これまでは、地元や血縁の繋がりを中心とした「目に見える範囲」での活動でしたが、通信技術の発展により、ZOOMやLINEなどのツールを通じて、住む場所に関わらず、オンラインで安く気軽にやり取りできるようになり、地域の制約を越えて共に助け合える選択肢が生まれたとも言えます。
(インターン生とのオンライン会議の様子)
お互いの「想い」を叶えるために大切なこと
いいとこづくめのような大人のインターンシップですが、もちろん注意点もあります。
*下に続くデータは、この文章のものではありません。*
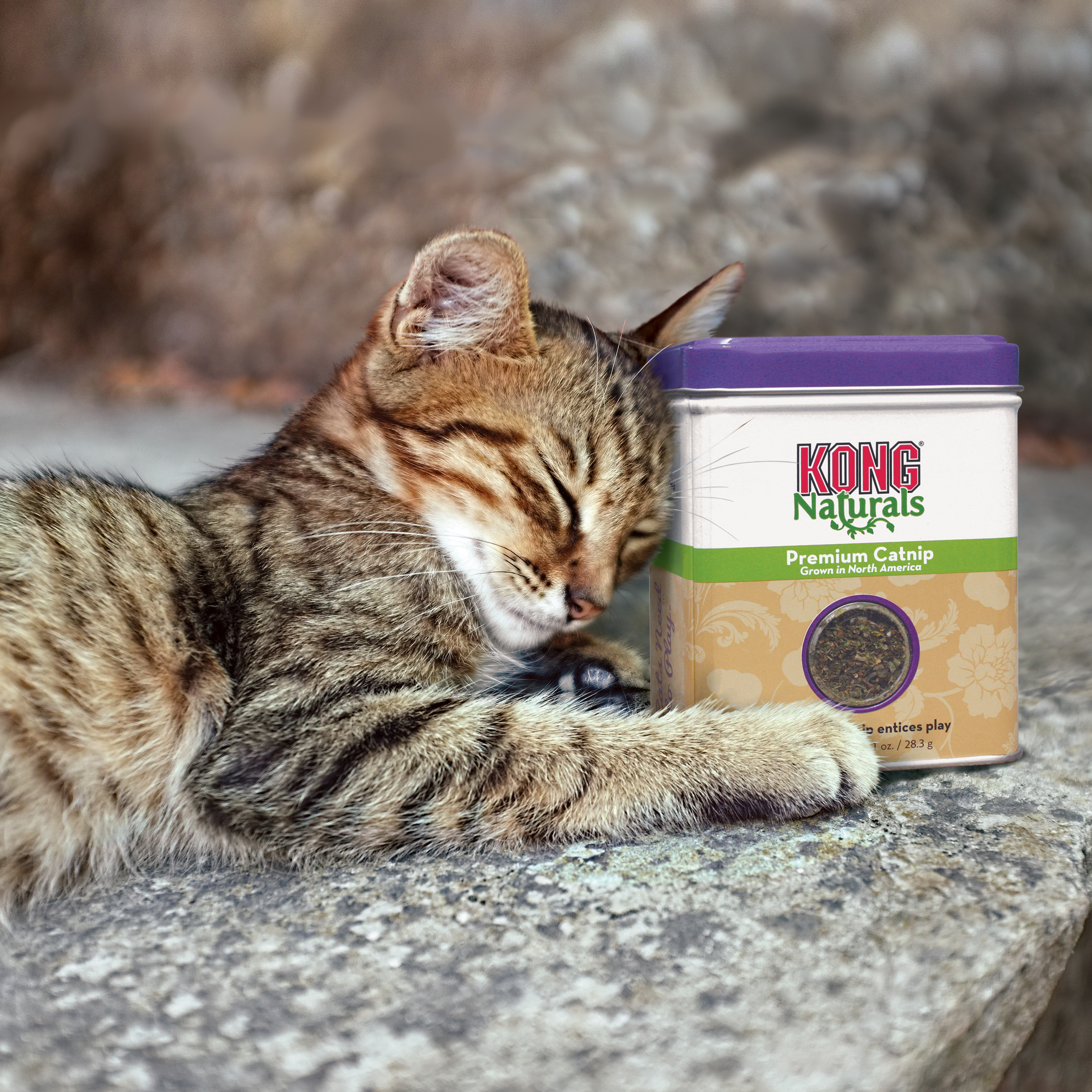 Naturals Catnip lifestyle produktbillede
それは「苦手だから、やっておいて」と丸投げすること。
「学びたい」「役に立ちたい」と思っての無償の活動だからこそ、日常の仕事をしながら、プラスアルファで取組むモチベーションが湧くのです。「どうせ片手間でしょ」と情報開示することに躊躇したり、「忙しいから」とやってくれたことに返事をする余裕もない状態の場合は、おススメしません。
「この人なら伝えても大丈夫」と思う相手に出会った時や、農業の閑散期など余裕のあるタイミングや、「どうしてもこれをやらなければ」と思う時に始めればいいのです。実際にご利用いただいている農家さんでも、繁忙期である収穫期の夏は避けて、冬にじっくりインターンシップ生と取組む、という使い方をしているところもあります。
(カブの品質管理工程をインターン生と作成)
北海道の蕪農家さんでは、蕪に黒点が出る病気に頭を悩ませ、品質管理の仕組みを作りたいと考えられていました。伴走したのは、化学メーカーで品質管理の仕事に携わる50代会社員の方。閑散期の冬の間、毎週のようにオンラインでミーティングを重ね、2ヶ月かけて品質管理工程が完成!社員の方が自分でチェックできるシートも作成してもらい、組織で品質管理に取組める状態になりました。
そして迎えた夏の収穫期。インターン生は北海道の農園まで足を運び、自分も蕪の黄色い葉を取り除くなど、作り上げた品質管理工程を「使ってみる」現場体験をしていました。楽しそうなだけでなく、実際に自分でもやってみることで改善点が見えてきて、早速社長に提案されている姿も印象的でした。(詳細はこちら)
(インターン生が現地訪問した時の様子)
仕事をする目的は、一つではありません。お金を稼ぐことはもちろん大事な目的の一つですが、「成長したい」「誰かの役に立ちたい」といった金銭以外の報酬でも人は活動をします。町内会の活動や、小中学生の見学受入や部活動のサポートなど、そういえば自分もやっているな・・・」と思い当たる方もいらっしゃるのではないでしょうか。
文部科学省の調査*によれば、過去5年間にボランティア経験のある方は約3割、やっていないが興味がある方は約5割。雇用という選択肢だけに留まるのはもったいない。人口減少時代、新たな協働の選択肢も取り入れながら、共に成長していきましょう!